[Short descriptive text snippets]
★ ★ ★
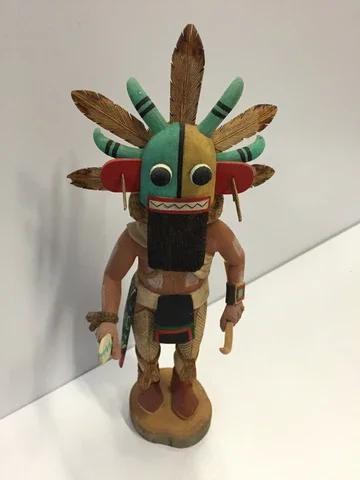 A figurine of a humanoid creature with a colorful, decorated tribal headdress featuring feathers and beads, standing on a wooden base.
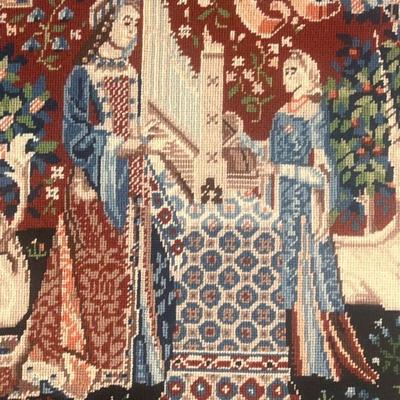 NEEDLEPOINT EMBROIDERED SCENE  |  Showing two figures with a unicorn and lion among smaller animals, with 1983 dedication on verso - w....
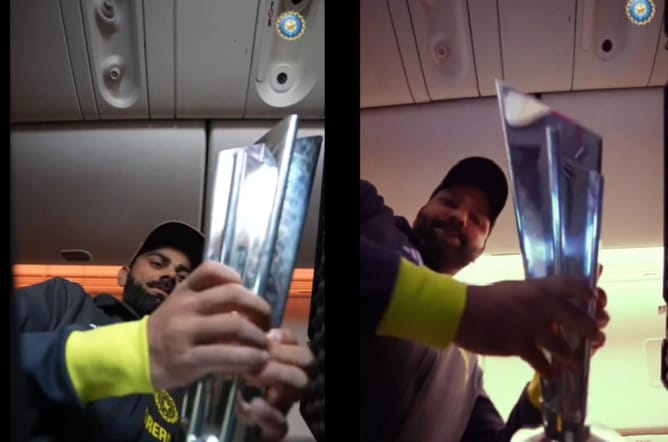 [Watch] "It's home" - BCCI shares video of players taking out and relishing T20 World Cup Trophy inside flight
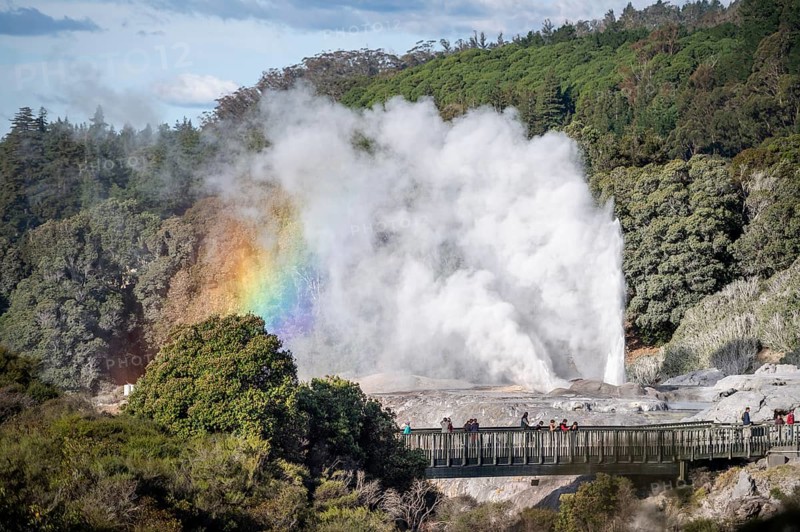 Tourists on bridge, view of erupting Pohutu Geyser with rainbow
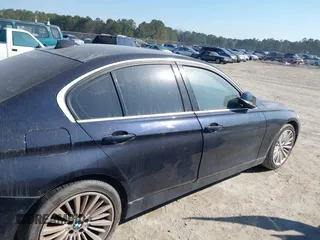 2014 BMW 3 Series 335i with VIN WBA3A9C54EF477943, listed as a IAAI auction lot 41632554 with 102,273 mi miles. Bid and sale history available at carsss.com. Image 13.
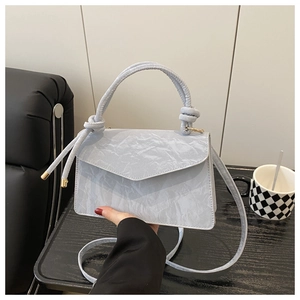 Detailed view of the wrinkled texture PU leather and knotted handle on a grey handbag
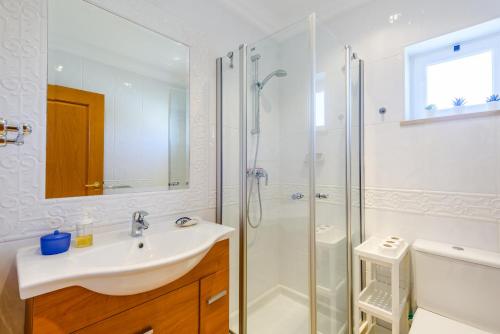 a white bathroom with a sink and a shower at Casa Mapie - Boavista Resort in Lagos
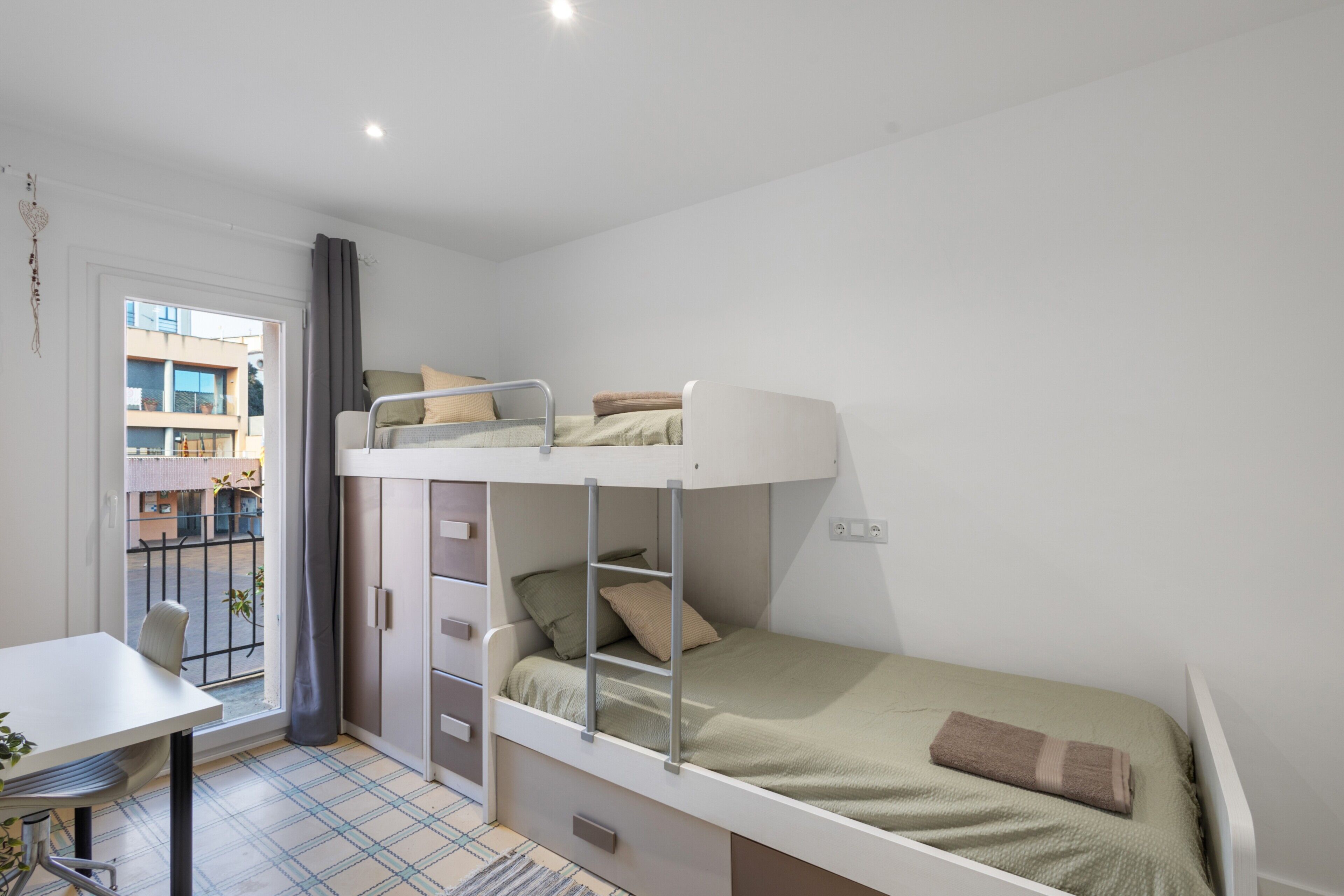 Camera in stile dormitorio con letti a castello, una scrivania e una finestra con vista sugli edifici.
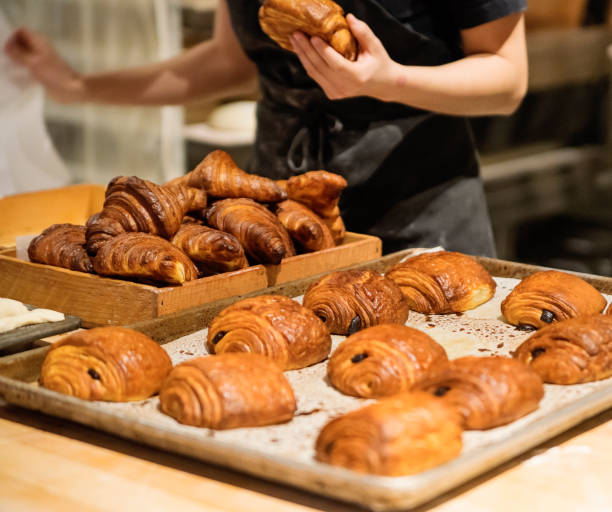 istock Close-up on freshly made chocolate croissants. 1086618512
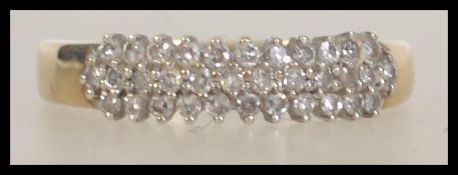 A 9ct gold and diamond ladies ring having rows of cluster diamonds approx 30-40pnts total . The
★ ★ ★
TASK TO CARRY OUT:
The line containing "a white bathroom" and every line after it, up to the last line of the data, should be returned exactly, without the pictures.

TASK ANSWER:
 a white bathroom with a sink and a shower at Casa Mapie - Boavista Resort in Lagos
 Camera in stile dormitorio con letti a castello, una scrivania e una finestra con vista sugli edifici.
 istock Close-up on freshly made chocolate croissants. 1086618512
 A 9ct gold and diamond ladies ring having rows of cluster diamonds approx 30-40pnts total . The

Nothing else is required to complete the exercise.